:: Data extract ::

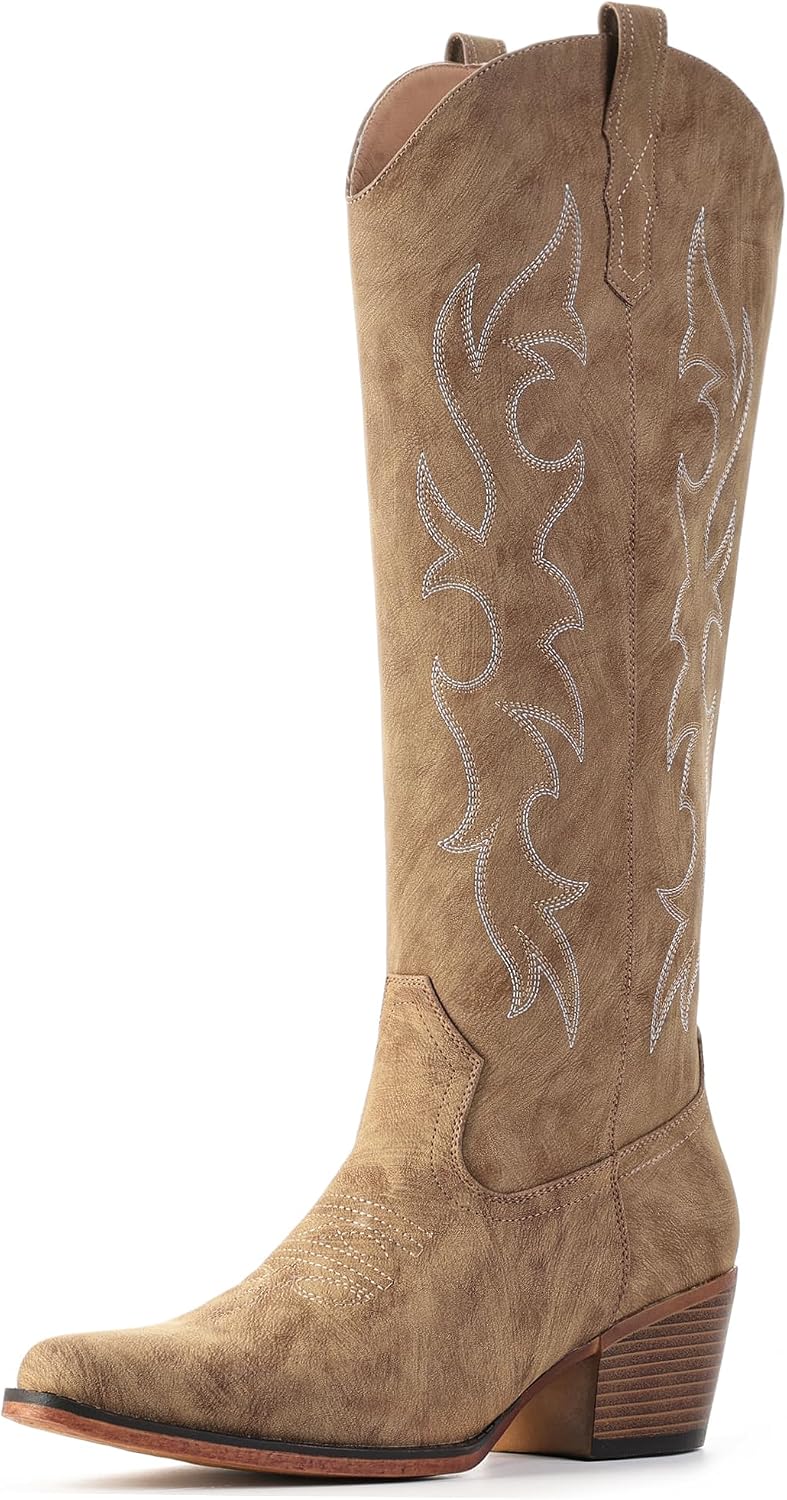 Women's Embroidered Knee High Cowgirl Boots - Wide Calf, Pointed Toe and Chunky Heel for Concerts and Parties - 10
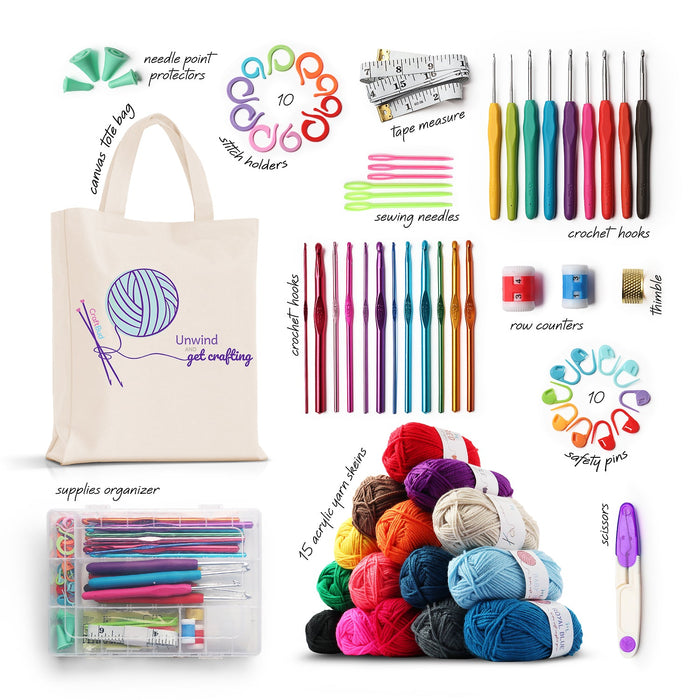 CraftBud™ 73 Piece Crochet Kit with Crochet Hooks Yarn Set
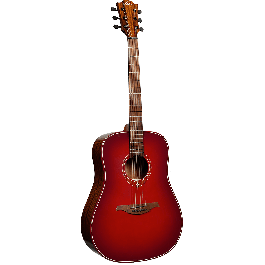 LAG Guitarra Acústica Dreadnought Edición Limitada Red Burst
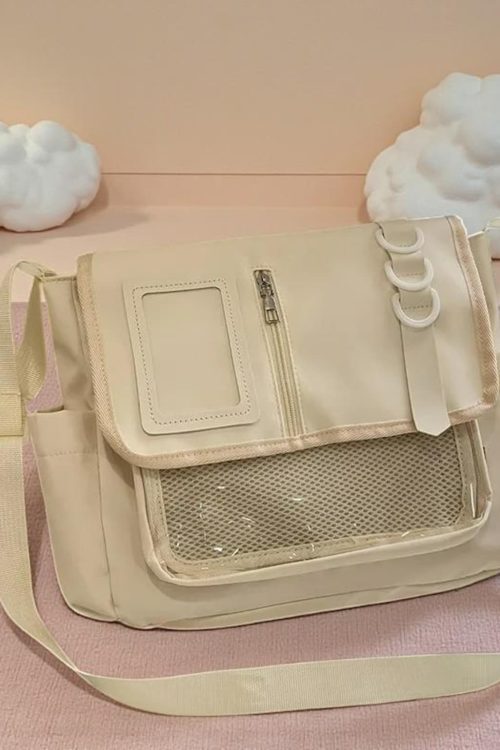 Black Kawaii Convertible Ita Bag with Clear Window for Pin Display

:: What needs to be done ::
I would like the material above returned exactly as it stands, without its pictures.

:: Answer box ::
 Women's Embroidered Knee High Cowgirl Boots - Wide Calf, Pointed Toe and Chunky Heel for Concerts and Parties - 10
 CraftBud™ 73 Piece Crochet Kit with Crochet Hooks Yarn Set
 LAG Guitarra Acústica Dreadnought Edición Limitada Red Burst
 Black Kawaii Convertible Ita Bag with Clear Window for Pin Display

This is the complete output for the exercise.